Cela dit, Ahmadinejad a été élu au second tour avec 62% des voix…
Il est le produit du système, mais pas le seul que celui-ci a su produire. Khatami en a été une autre expression. Ahmadinejad est important parce qu'il a désormais son mot à dire dans le système, sans qu'il puisse le monopoliser pour autant. A preuve sa difficulté à faire approuver son gouvernement et son projet de budget par le Parlement.
Concernant le nucléaire, quelles sont, dans le discours d'Ahmadinejad, la part d'intimidation et la part de réalité?
Tous les experts, y compris les moins bien intentionnés à l'égard de l'Iran, pensent que celui-ci est loin d'accéder à l'usage militaire de l'atome. La part de bluff est considérable. Il ne faut pas toutefois sous-estimer la mobilisation des Iraniens, car elle repose sur une conviction profonde et unanimement partagée. Encore une fois, l'Iran s'estime victime, notamment par rapport au Pakistan et à l'Inde, d'une injustice internationale dans la manière dont on lui interdit la poursuite de ses recherches nucléaires.

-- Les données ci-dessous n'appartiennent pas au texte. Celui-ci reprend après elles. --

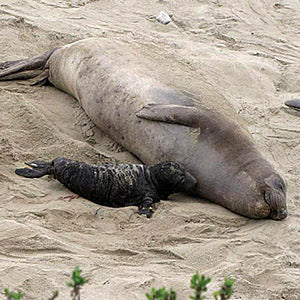 Elephant seal mom and pup on beach.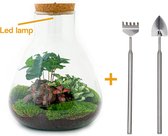 Terrarium - Sam LED Coffea - ↑ 30 cm - Ecosysteem plant - Kamerplanten - DIY planten terrarium - Mini ecosysteem - Inclusief hark + schep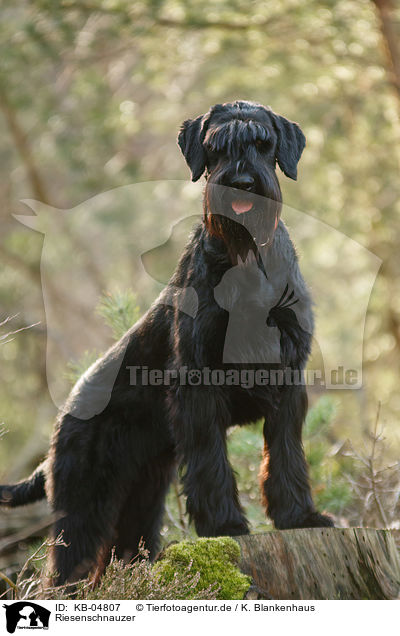 Riesenschnauzer / Giant Schnauzer / KB-04807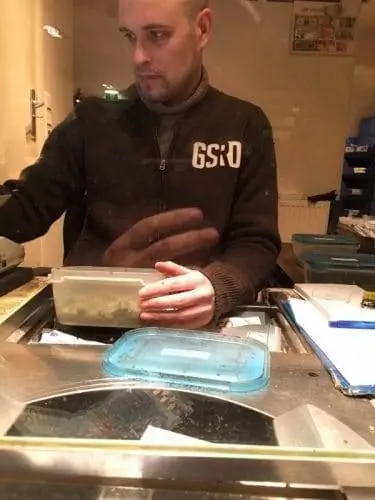 Нидерланды: Роттердам – праздник для глаз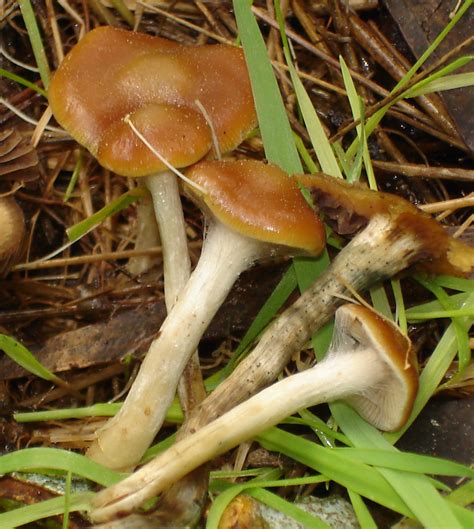Psilocybe Cyanescens Look Alikes Mushroom Hunting And Identification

L'Iran se considère-t-il comme une superpuissance orientale qui a l'intention de tenir tête aux Etats-Unis sous les regards du monde entier?

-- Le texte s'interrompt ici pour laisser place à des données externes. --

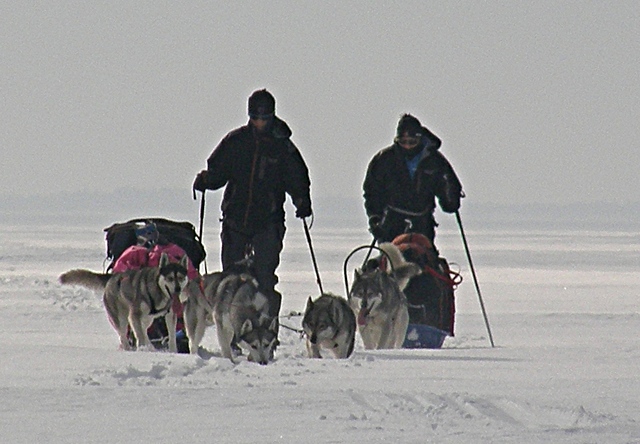 2013 - Dans le grand nord finlandais en ski-pulka-chien.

L'Iran n'est plus une superpuissance régionale, ne serait-ce que par les limites rencontrées par la révolution islamique. Cette dernière a contribué à marginaliser le pays. Les Iraniens ont échoué, y compris dans l'exportation de la révolution auprès des voisins les plus proches, les chiites irakiens. Les Afghans n'ont jamais cherché à imiter Téhéran, le Hezbollah n'a pas pris le pouvoir au Liban et le Hamas n'était pas la force privilégiée par l'Iran dans les territoires palestiniens. Lorsque Erdogan est parvenu à la tête du gouvernement, Téhéran s'est félicité, mais le Premier ministre turc a pris ses distances, car ce soutien est gênant pour lui. Ce qui est vrai, en revanche, c'est que le nationalisme iranien est plus fort que jamais.
Pourquoi?
Cette révolution-là, les Iraniens en sont fiers, même s'ils n'en escomptaient pas les conséquences ou si celles-ci restent pour beaucoup non souhaitées. La génération qui y a pris part est encore la seule force politique active du pays. La permanence des hommes à la tête de la République est en cela le reflet de la société. L'idéal des conservateurs, qui aspirent à faire de l'Iran le Japon islamique du Moyen-Orient, n'est pas complètement déconnecté de l'idéal du développement aux yeux de l'Iranien moyen.
(1) Auteur de L'Iran (Cavalier bleu, 2005), Etre moderne en Iran (Karthala, 1998) et La Révolution sous le voile (Karthala, 1991).